A Grand Finale
By Del Mar Mayor Don Mosier
Some big projects end with a bang, and some with a whimper. The 5 year long restoration of the San Dieguito Lagoon ended with a real bang last Thursday [September 29], when the river was reopened to the ocean. The river channel from the railway bridge west to the beach had been dredged during the proceeding 3 weeks, and only a sand dam separated the river from the ocean. A large crowd, including many of those who have worked tirelessly for the last 20 years to accomplish this goal, was there to witness the removal of the last barrier between the lagoon and the ocean. The tide was at low ebb, and the lagoon waters rushed into the ocean. By the next morning, the increase in tidal flow was obvious, and the new river channel was clearly established. An important project for Del Mar and the region is near completion, and it looks to be a great success.
The San Dieguito Lagoon was once the largest of the six San Diego coastal lagoons, and has the largest watershed. The marsh area alone is believed to have been over 600 acres, while the entire lagoon probably covered 1,000 acres. Over the years, the Lagoon was subjected to major filling activities and lost over half of its marshes. The filling activities included Highway 101, Jimmy Durante Boulevard, residential land development, the Del Mar Fairgrounds and a World War II airport. Two large dams were constructed upstream on the San Dieguito River, greatly reducing freshwater inflows. The result of all these activities was year-round closure of the lagoon mouth beginning in the 1940s.

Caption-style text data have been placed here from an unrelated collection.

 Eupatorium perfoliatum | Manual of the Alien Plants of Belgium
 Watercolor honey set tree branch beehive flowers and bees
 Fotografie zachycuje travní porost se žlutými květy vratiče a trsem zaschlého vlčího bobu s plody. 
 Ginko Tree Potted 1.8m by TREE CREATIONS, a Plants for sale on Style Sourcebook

In 1983, utilizing in part a $1.3 million grant from the California Coastal Conservancy, the California Department of Fish and Game created a tidal basin in a 70-acre area of the southern lagoon, the current State Marine Park. In addition, the lagoon mouth was reopened, restoring seasonal tidal influence to the coastal wetland. The ultimate restoration goal was to restore what remains of the historically significant San Dieguito Lagoon system.

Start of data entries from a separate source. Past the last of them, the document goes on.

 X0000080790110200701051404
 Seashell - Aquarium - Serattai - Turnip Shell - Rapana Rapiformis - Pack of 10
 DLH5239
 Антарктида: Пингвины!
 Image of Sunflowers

That goal has now been accomplished by Southern California Edison, a condition imposed by the California Coastal Commission as mitigation for the impacts of the San Onofre Nuclear power plant. The San Dieguito River Park Joint Powers Authority Board adopted the Park Master Plan and certified the Final Environmental Impact Report in September 2000. Southern California Edison then prepared a Final Restoration Plan for submittal to the California Coastal Commission, which approved the Coastal Development Permit in October 2005. Marathon Construction was hired to do the excavation and grading. Construction began in Fall 2006, and is now nearly complete, with the only remaining work being placement of rock revetment at the curve in the San Dieguito River north of San Dieguito Drive and east of Jimmy Durante Boulevard. The Lagoon is open to the ocean and the increased tidal flow will help restore the natural marshes and wetland habitat. The sand removed to open the river mouth has been deposited on Del Mar's beaches. Congratulations to all involved in accomplishing this important project.